Thinking Inside the Container
Containers have taken over the world, and I, for one, welcome our new containerized overlords.
They do, however, present interesting challenges for me and my fellow Rioters on the Pipeline Engineering team. My name is Maxfield Stewart, and I'm an engineer here at Riot. My team focuses on build pipelines—everything from code check-in to the artifacts we deploy, and sometimes beyond. If continuous delivery was a theme song, we'd be singing it a capella style. We manage one of Riot's largest internal server farms and virtual machine clusters because we operate a cloud-like environment.
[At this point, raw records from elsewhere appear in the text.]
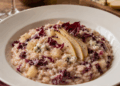 La cultura nel piatto: risotto al radicchio rosso, pera e gorgonzola dolce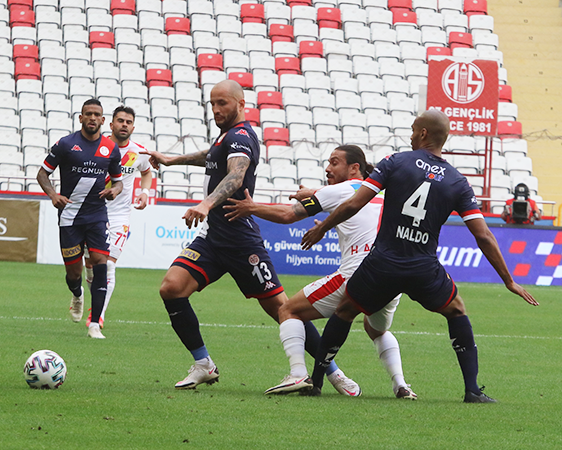 Antalyaspor, sahasında kazanamıyor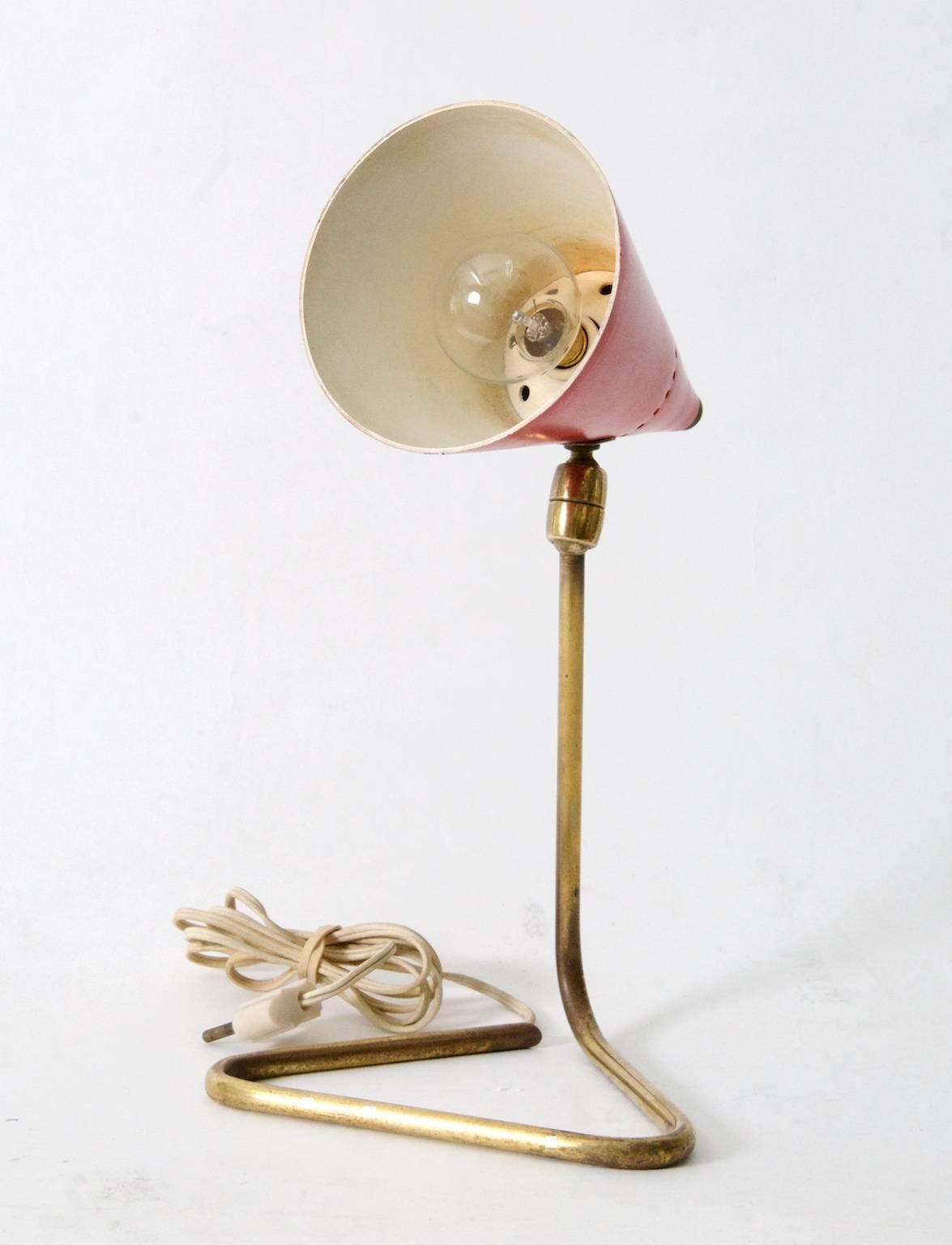 Mid-Century Italian Articulated Table Lamp Attributed to Stilnovo 1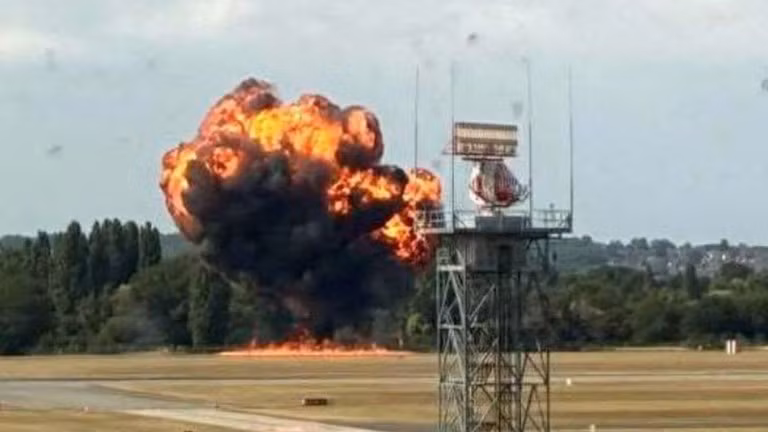 Vụ việc xảy ra vào khoảng 16 giờ 00 phút (giờ địa phương) ngày 13/7 ngay sau khi máy bay vừa cất cánh và được ghi lại bằng video, sau đó được đăng tải trên mạng xã hội. roi-1.jpg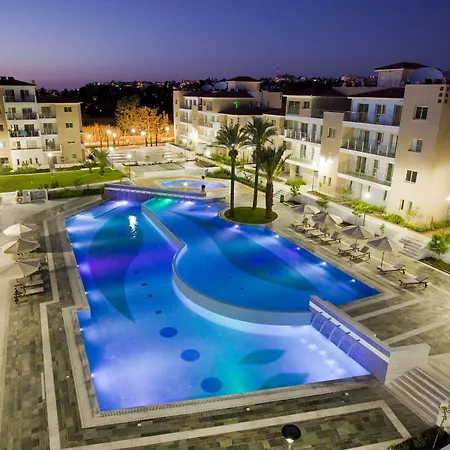 Elysia Park Aparthotel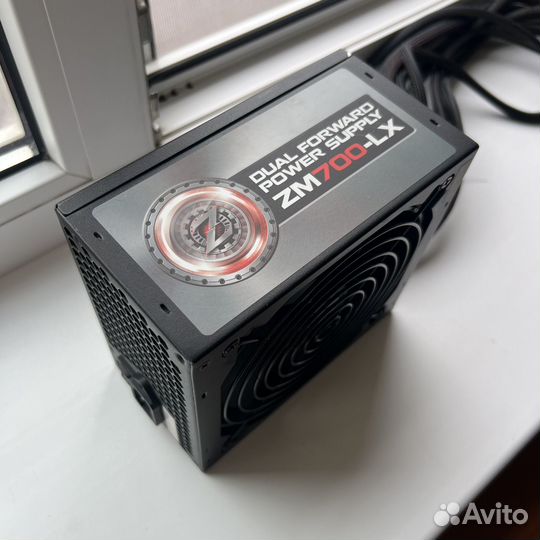 Блок питания 700w Zalman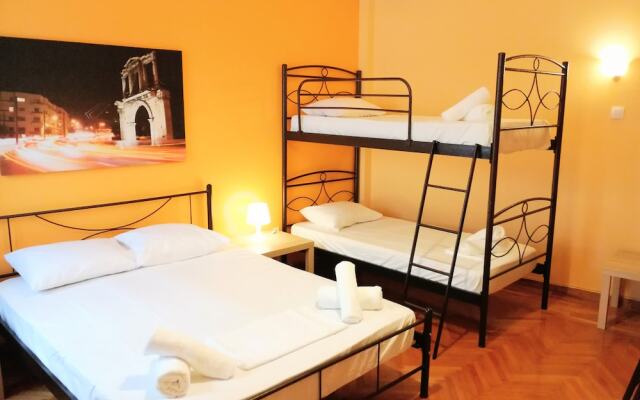 Acropolis museum family apartment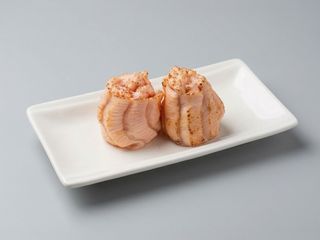 Gunkan de Salmão Braseado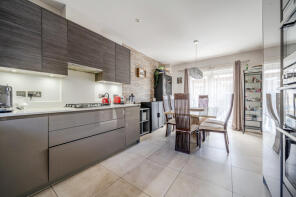 4, Sphinx Way, Underhill, Barnet EN5 2FG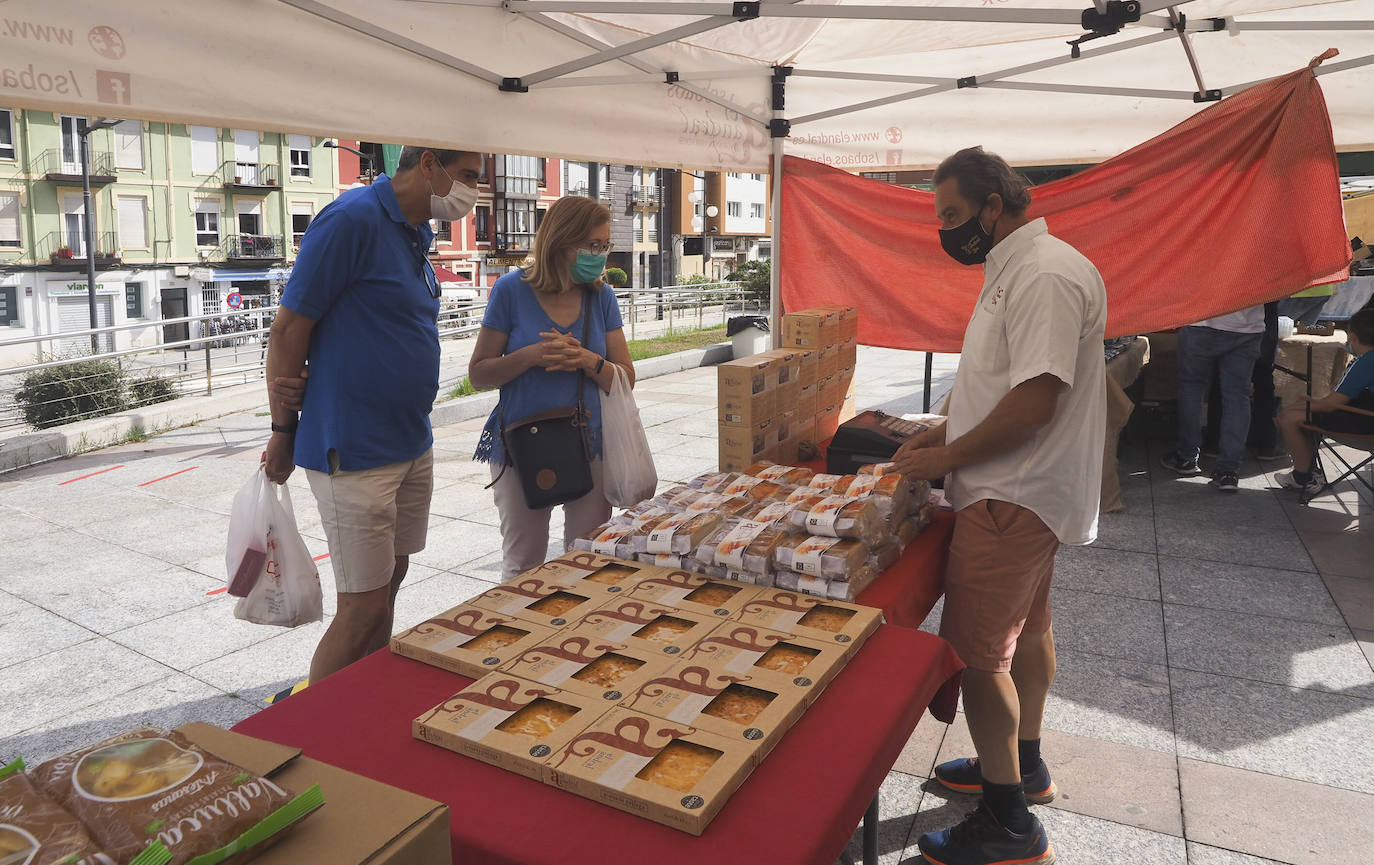 Fotos: II Mercado de Productores Cántabros en la calle Tetuán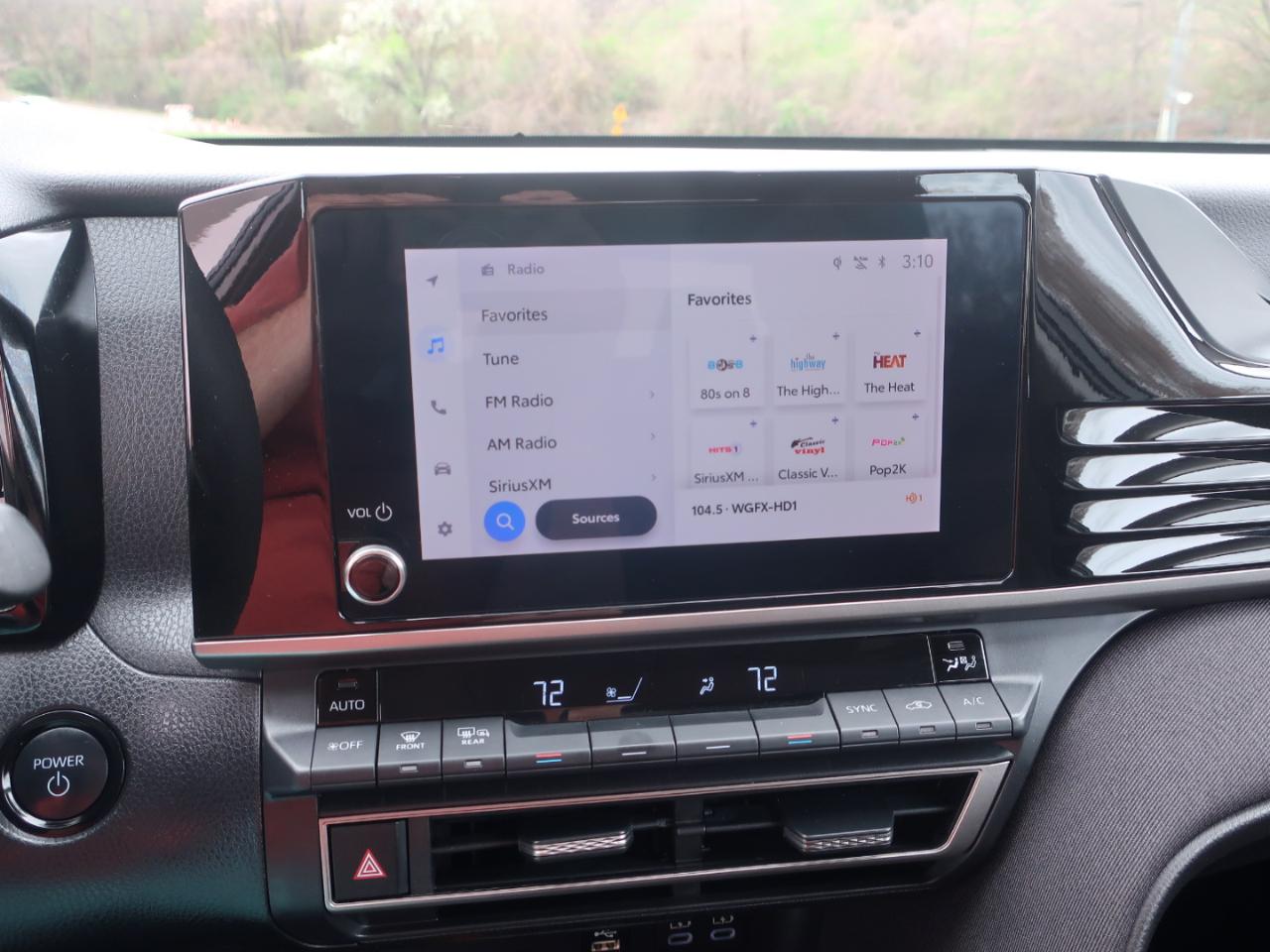 Toyota Camry Hybrid LE 2025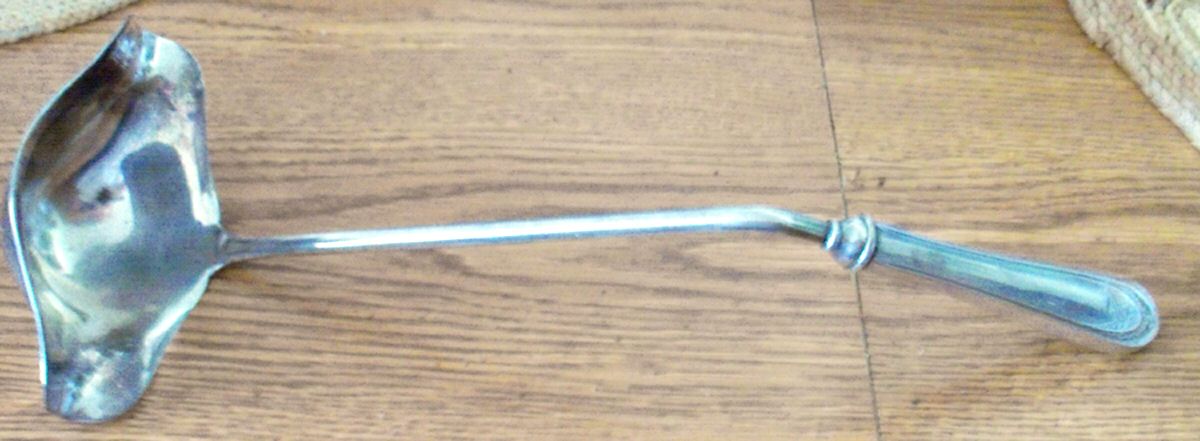 Lovelace (Silverplate) Punch Ladle with Stainless Bowl by International Silver-1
One beast is called the "Build Farm"—what started life years ago as a small cluster of boxes building League of Legends game clients is now a monster conglomeration of physical and virtual machines.
Lately, we've been adding Docker containers to that mix at a furious pace. How can we integrate containers into a classic build farm stack that with each passing day looks more and more like a self-service cloud-based work engine? Can we somehow use Dockerfiles to define build environments and integrate those with much of our common open source infrastructure? Can we possibly break away from a traditional Virtual Machine cloud and embrace a containerized future?
The list of questions goes on for quite a while—kind of like an Ashe arrow. I'm introducing this series of blog posts where I'll walk through how my team is attempting to answer them. In this first post I provide some background context as to where we came from and why we want to do this. In subsequent posts I’ll share some concrete ways we’re getting our hands dirty with Jenkins and Docker. The first of these tutorials, a basic introduction, can be found here. If you're interested in learning about ways to use containers to create build farms, inspire continuous delivery, and enable engineers to deliver faster, then this series is for you. But be ready: I'm going to take it from basic introductions to deep in the weeds over time. As a result I hope this series will become a great Introduction to Serious Business Docker Yo.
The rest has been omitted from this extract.